Brontosaurus – Our Animal Ways


Brontosaurus – Our Animal Ways

Our Animal Ways is the second album from the Chicago-based duo of Nicholas Kelley and Nicholas Papaleo, augmented by the appearance of Josh Miller to assist in their highly developed and intricate music. Brontosaurus actually means ‘thunder lizard’ and the duo/trio bring a veritable storm of performances over the album’s eight tracks, which while occasionally overreaching in hyperbolical ambition provide about as dextrous a present day take on prog-rock as I’ve heard for a while.

You might need to hark back to the 1970s to trace the ideas drawn from tax exile supergroup Emerson Lake and Palmer, whose influence has perhaps faded unjustly in the intervening four decades since their Tarkus heyday. Yet that is only one of several strands of inspiration within the music of Brontosaurus, the others are perhaps Led Zeppelin, King Crimson and – when the keyboards begin to swirl – Ray Manzarek of The Doors.
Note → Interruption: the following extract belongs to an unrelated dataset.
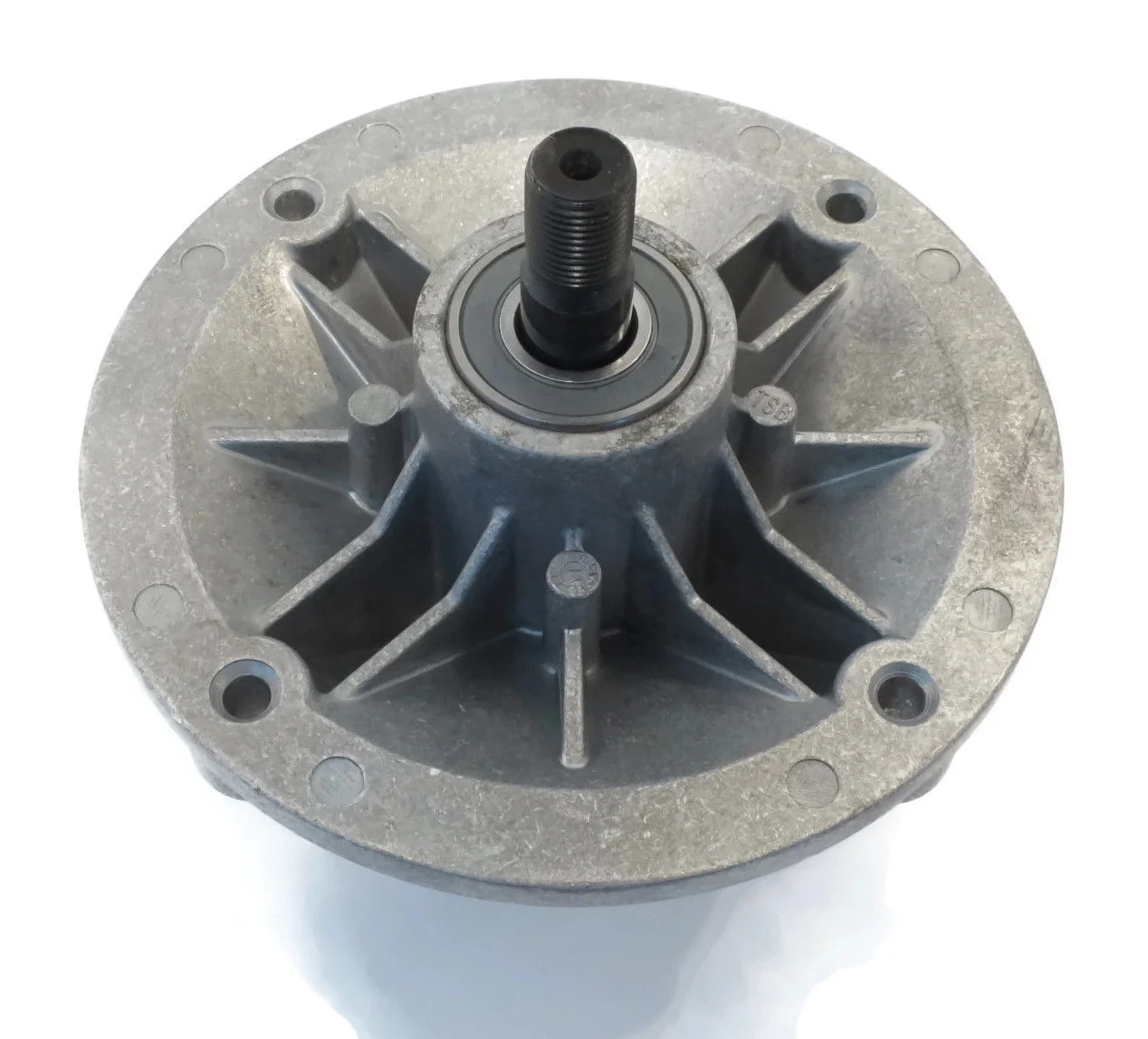 SPINDLE HOUSING ASSEMBLY W/ SHAFT FITS TORO Z5000 TIMECUTTER 74370 74391 MOWERS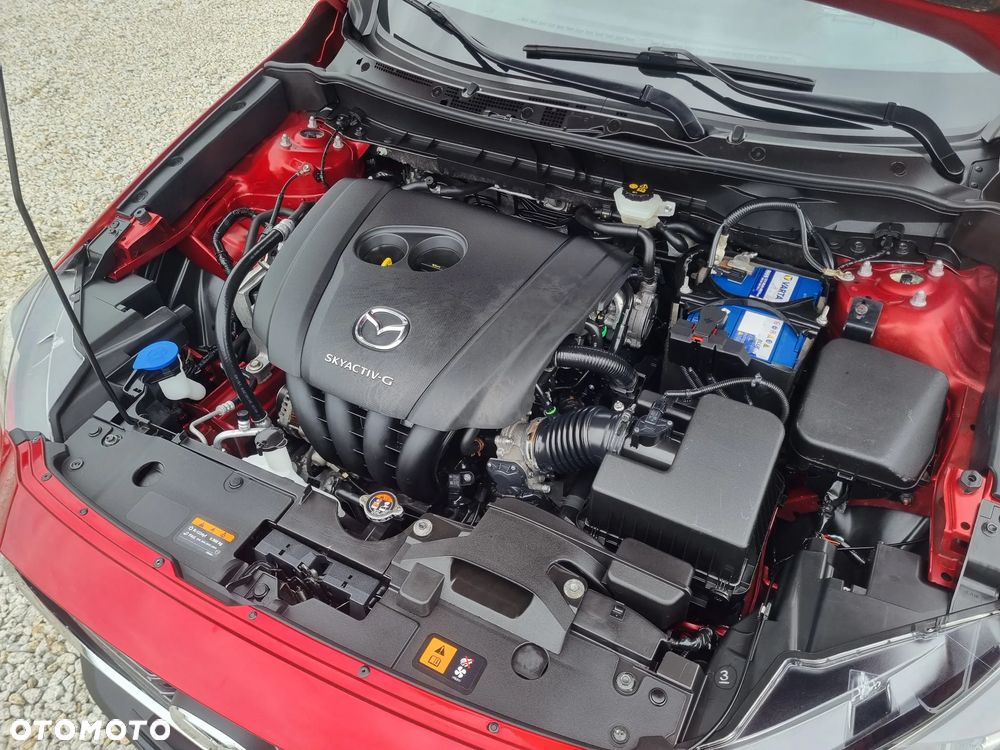 Mazda CX-3 2.0 SkyPassion - 15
Quite a lot of musicality for a duo to attempt, you may think, and I’d check out their live show just to discover exactly how the anthemic and verging-upon-orchestral crescendos that characterise the music of Brontosaurus are translated to the live stage. As they don’t seem to have much in the way of gigs lined up, sit back and appreciate a very well played and produced rock album that could find a large and appreciative audience.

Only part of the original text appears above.